Certamente. La sceneggiatura è stata letta da Liliana Segre, la quale è rimasta così colpita che l’ha portata al Presidente della Repubblica. E Mattarella ha voluto che “Bocche inutili” diventasse il film della Giornata della Memoria prossima, quindi il 27 gennaio 2023 verrà trasmesso in prima serata su Rai Uno. Le sorelle Bucci – sopravvissute al lager di Auschwitz – hanno preso parte all’anteprima nazionale.

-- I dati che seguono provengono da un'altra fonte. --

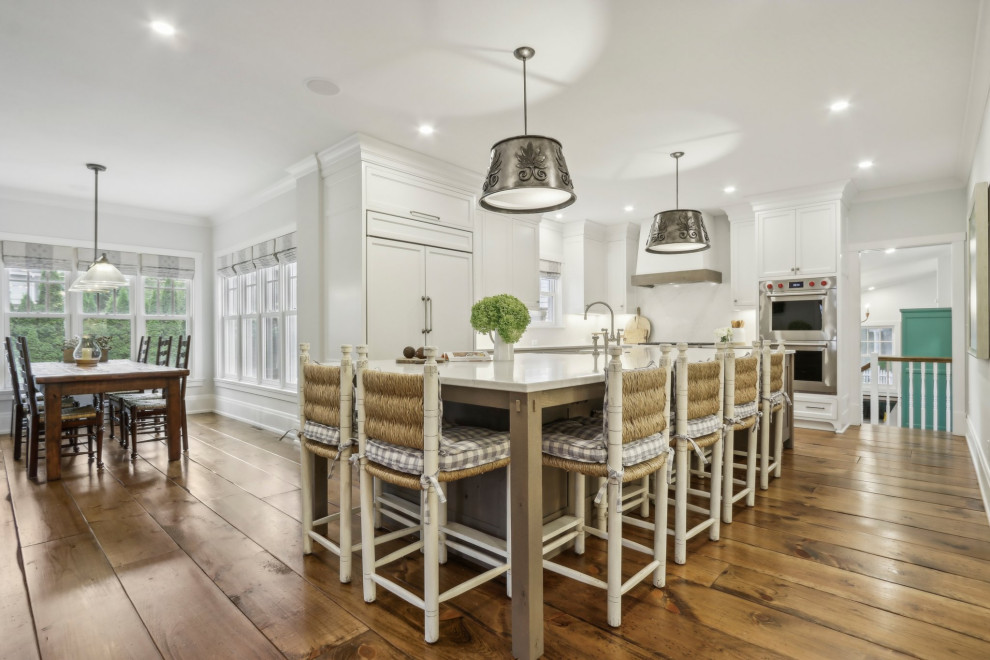 Eat-in kitchen - mid-sized rustic l-shaped medium tone wood floor and brown floor eat-in kitchen idea in Milwaukee with a farmhouse sink, shaker cabinets, white cabinets, quartz countertops, white backsplash, quartz backsplash, stainless steel appliances, an island and multicolored countertops
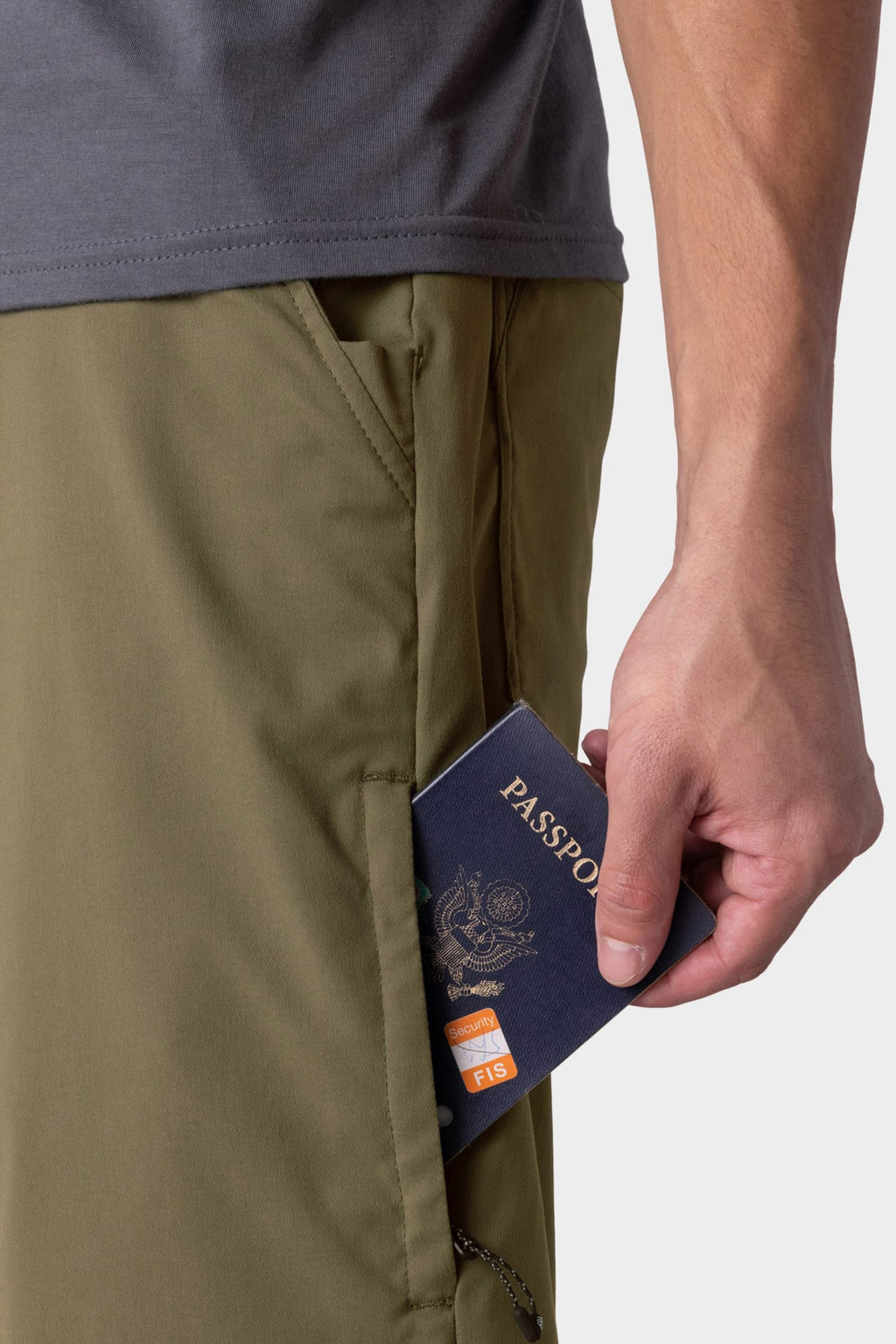A person in 686 Everywhere® Hybrid Short in olive green and a gray shirt puts a passport and orange card into the zippered side pocket of their breathable 686 shorts.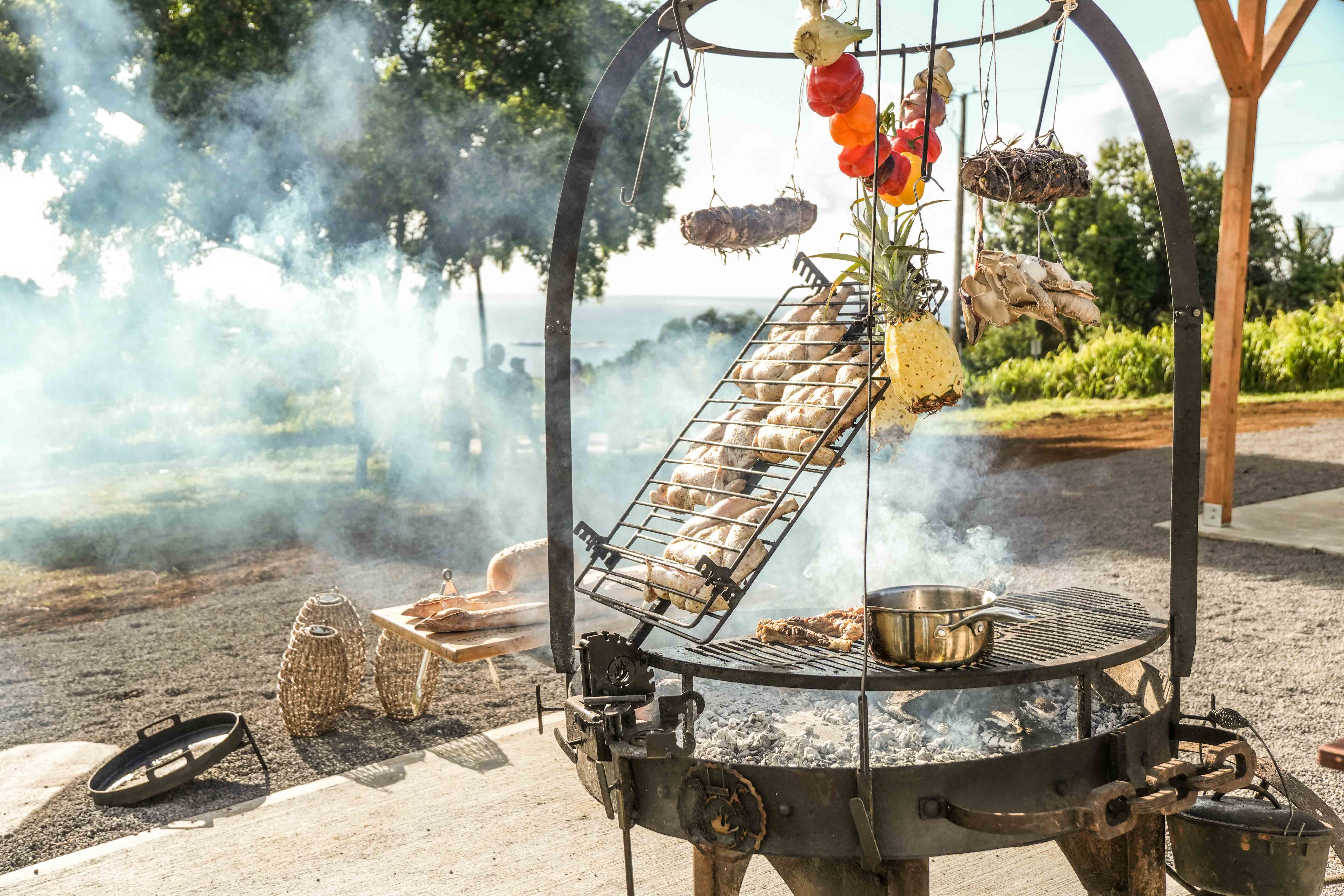 The asado fire wheel with hanging vegetables, smoke rising, and the ocean beyond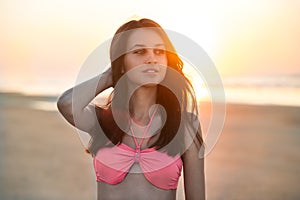 Beautiful woman walking in swimsuit walking at the beach on sunset time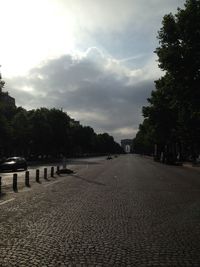 Empty road with trees in background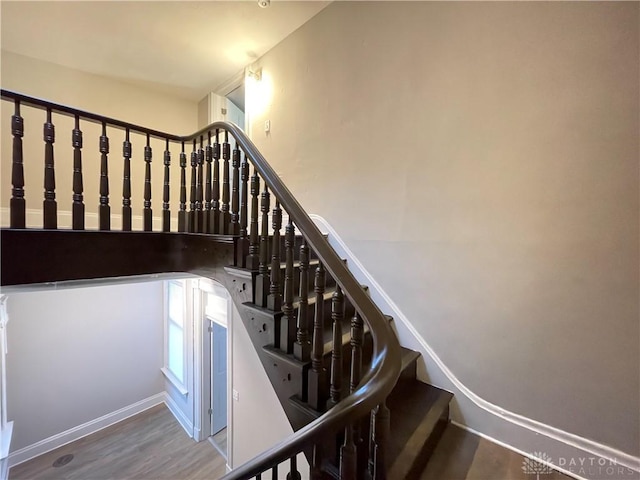 staircase featuring baseboards and wood finished floors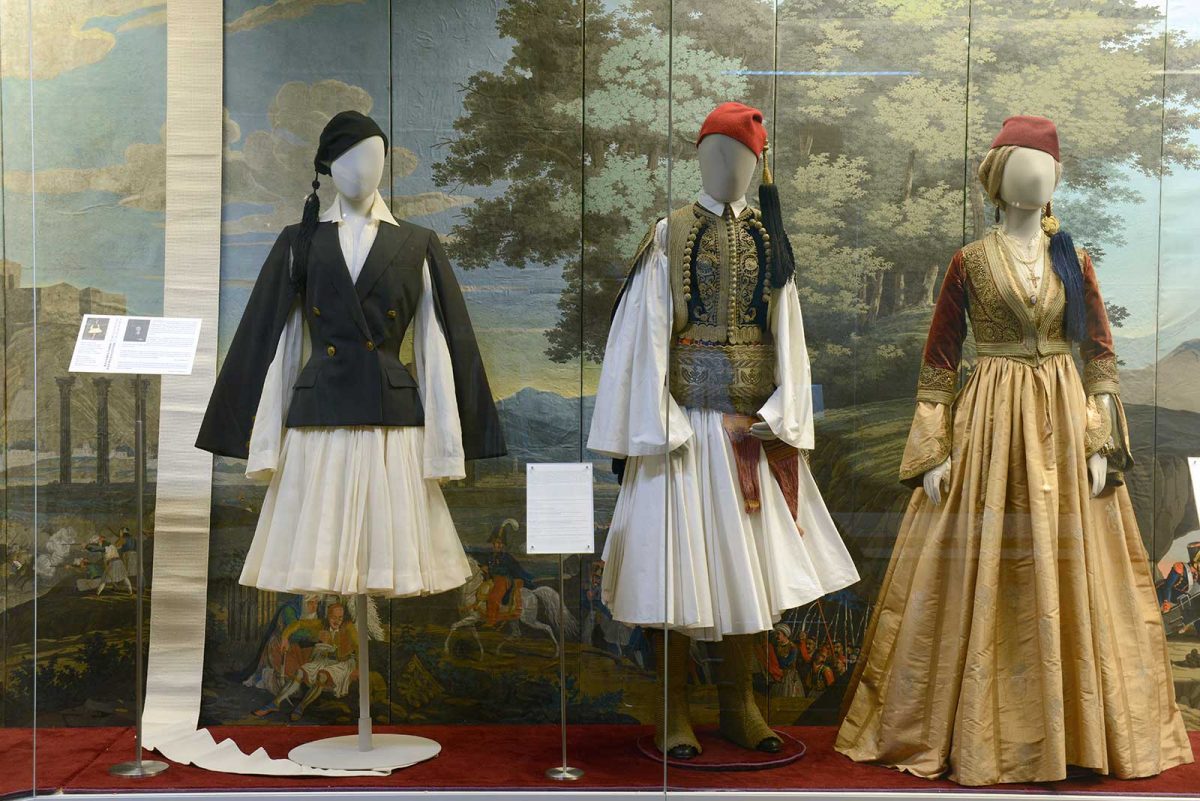 Αριστερά: Jean Paul Gaultier, «Υψηλή Ραπτική Άνοιξη-Καλοκαίρι 2006». Συλλογή «Αφιέρωμα στην Ελλάδα». Μοντέλο «Παρίσι-Αθήνα». Σταυρωτό σακάκι με μανίκια σε στυλ «κάπα» από μαύρο μαλλί «Σαντορίνη». Φόρεμα «φουστανέλα» με πτυχώσεις από οργάντζα στο χρώμα του καλαμποκιού.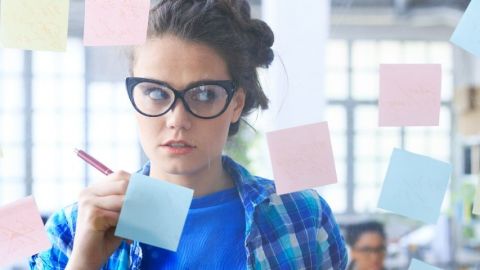Une femme qui écrit sur des post-it sur une vitre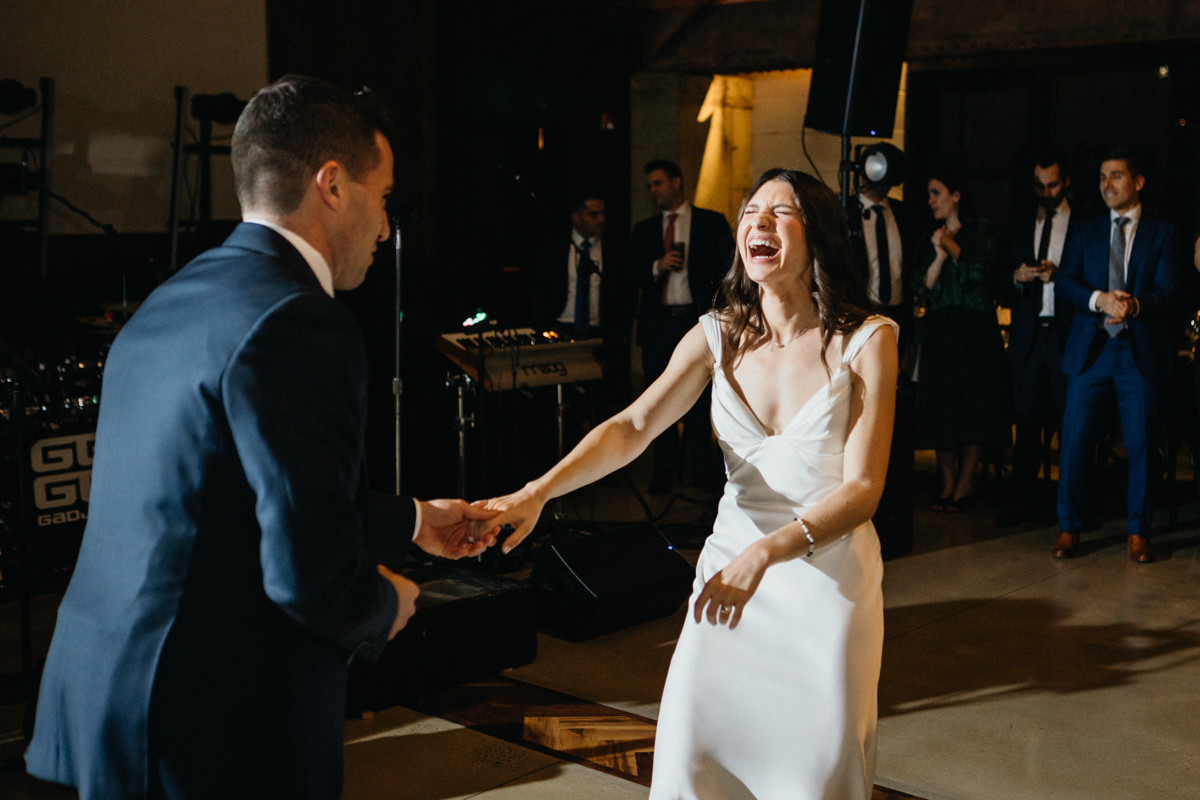 Couple sharing private moment on reception dance floor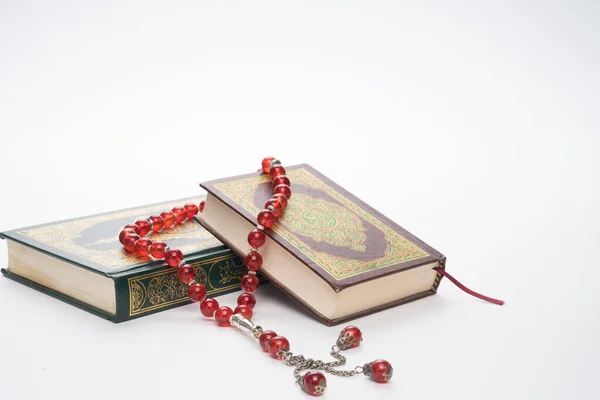 Faith in Islam concept. The Islamic holy book Quran or Kuran with rosary beads or tasbih isolated on white background.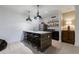Basement bar featuring a refrigerator, dark cabinetry, and pendant lighting at 3680 Sewell Mill Rd, Marietta, GA 30062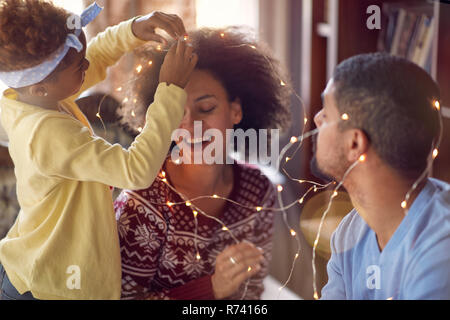 Beau jeune famille jouissant de sa maison de temps ensemble, décorant les lumières de Noël et s'amuser Banque D'Images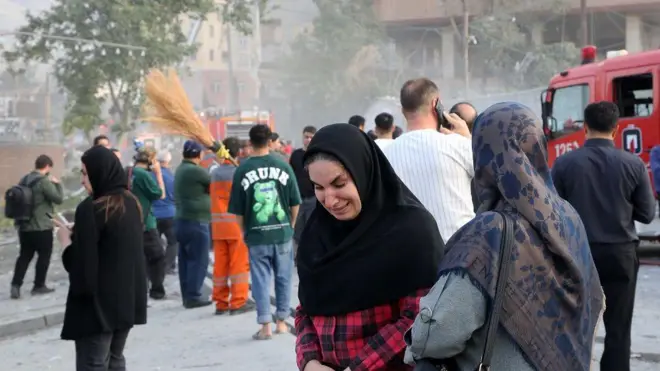 Una mujer llora afuera de un edificio dañado en un ataque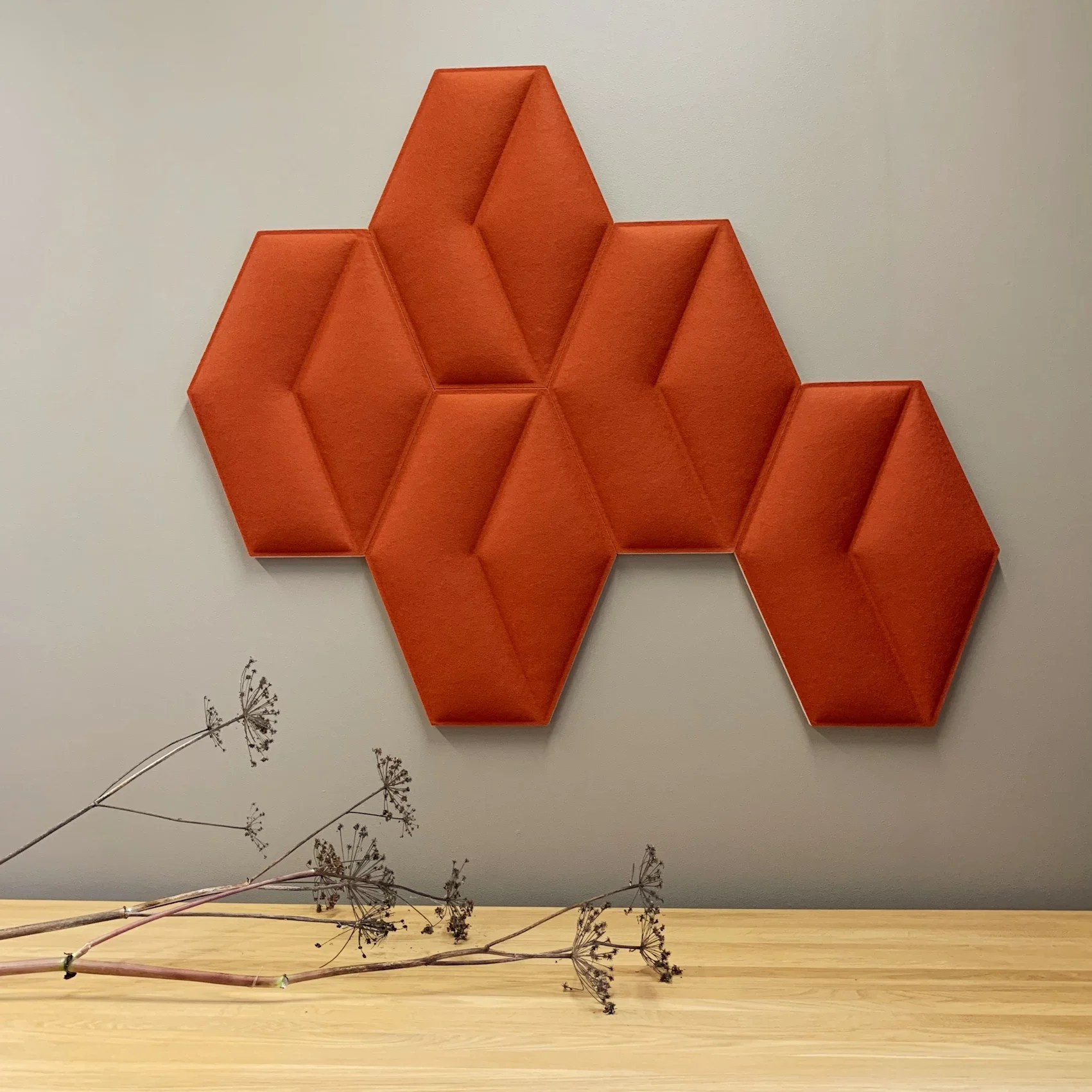 Oranssin värinen geometrinen akustiikkapaneelikokonaisuus seinällä. Kuivattu kasvi asetettuna puiselle pöydälle, taustalla valoisa ja vaalea seinä.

Ci tenevano ad essere presenti e portare la loro testimonianza, così sono partite una dal Belgio e l’altra dalla California per essere il 25 aprile nella Sala Troisi a Roma.
A livello creativo com’è nata la collaborazione con il cantautore Stefano “Cisco Belotti”, frontman dei Mondena City Ramblers?
“Bocche inutili” è stato girato l’estate scorsa a Carpi, in provincia di Modena, nel campo di Fossoli, tuttora esistente. E’ stata quindi un’esperienza particolarmente toccante, totalmente immersiva, non solo per il cast ma anche per tutti coloro che hanno vissuto il set. E il tessuto circostante è stato particolarmente accogliente e coinvolto, tanto che anche la collaborazione con Cisco è nata spontaneamente. Ha sentito la trama del film, visto il set e si è ispirato, creando il brano “Bocche inutili”.
Da tempo la campagna “No Script, No Film” promossa da Writers Guild Italia, va avanti per portare alla luce il lavoro degli sceneggiatori. Sei soddisfatta dei risultati raggiunti finora?
WGI con la campagna “No Script, No Film” ha raggiunto risultati ottimi, attirando l’attenzione su una tematica ancora troppe volte, e a torto, ritenuta residuale. Purtroppo il ruolo dello sceneggiatore continua ad essere considerato non fondamentale e, data questa lettura distorta, non gli si dà neanche il giusto riconoscimento economico. Ma qualcosa inizia a cambiare, vuoi per il sindacato che lotta strenuamente, vuoi per il proliferare di case di produzione giovani che hanno un’altra sensibilità nei confronti degli autori, vuoi perché noi sceneggiatori, finalmente, iniziamo ad avere coscienza e cognizione del nostro peso specifico. Perché ciò che secondo me è davvero deleterio è il fatto che una narrazione sbagliata perpetrata negli anni, rischiava di convincere i colleghi che davvero lo sceneggiatore fosse una persona che dovesse ringraziare per l’opportunità concessagli dal regista o dal produttore di turno, accettando quindi qualunque condizione, lavorativamente ed economicamente parlando.